Tesco is getting extremely good value for money. They are investing a mere £5million in return for which they will divert the energies of a sizeable group of leading UK researchers to justifying their own corporate ends. They are also using this to repair their tarnished media reputation, including by claiming magnanimity in sharing the research findings with others. So you should think yourself lucky that you will be able to use Tesco's figures to justify the globalised economy without having to pay them for the privilege.

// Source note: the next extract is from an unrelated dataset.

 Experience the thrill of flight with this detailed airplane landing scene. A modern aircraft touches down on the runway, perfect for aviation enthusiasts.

But can capitalism ever make itself sustainable? As an economic system it relies on the extraction of the surplus value of workers and the planet to pay for all the various parasites who do no work but live from ownership and investments. As such it is a system that meets the needs of the majority in an inefficient way, because the needs of the greedy minority must be satieted. As Gandhi put this so eloquently, 'the earth has enough to satisfy every man's need but not to satisfy the greed of some'. The very nature of this unfair system of distribution puts pressure on the planet as well as on those who sell their labour.
In the globalised capitalist system most work is done in the countries of the Global South, translated from de jure into de facto colonies, their resources and their labour power still stolen by the rich West, but these days through the less unsightly mechanisms of trade treaties and financial organisations, and with armies reserved for extreme situations only.

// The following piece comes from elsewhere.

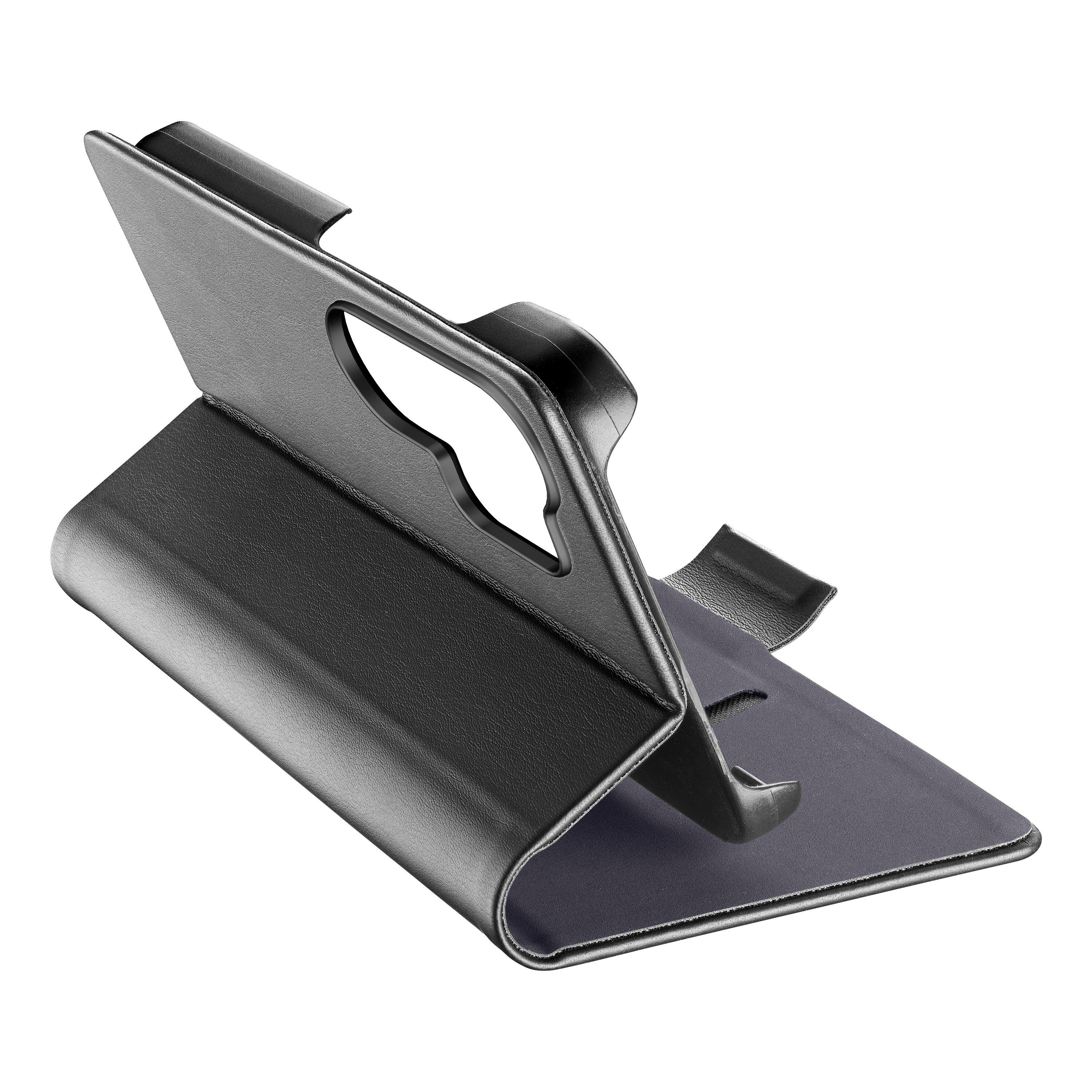 Schwarze Handyhülle mit Standfunktion, auf weißem Hintergrund.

Globalisation represents the ultimate victory of the notion of 'economies of scale' that economists love so much. Now the scale is that of the planet as a whole, with corporate barons organising who shall produce what where and fixing the prices. Failing to respect Nature's scale has led to the huge imbalances of wealth and well-being we see around us, as well as creating climate change through the unncessary production of transport-related carbon dioxide emissions.
Finally, the way capitalism creates money, through debt-based bank money, requires the constant expansion of the economy without regard to natural limits. I have blogged about this elsewhere: it is really the most fundamental explanation of the link between capitalism as an economic system and planetary destruction.

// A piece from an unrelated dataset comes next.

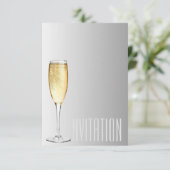 Chapaine Mousserende wijn Glass Gray Vip Uitnodigi Kaart (Staand voorkant)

I have been in this game for a while now so I have become fairly experienced at spotting a corporate scam. Hence I was intrigued by the arguments about the distribution system of globalisation being more sustainable, not to mention more supportive of our brothers and sisters in the South. I was also depressed to notice how many good people I interact with were swallowing this line.
Sadly my own resources for investigating the assumptions on which the justification for buying New Zealand apples in the UK in September are limited. And I don't suppose Terry Leahy will be offering me money to explore my proposed alternative of bioregional distribution systems any time soon.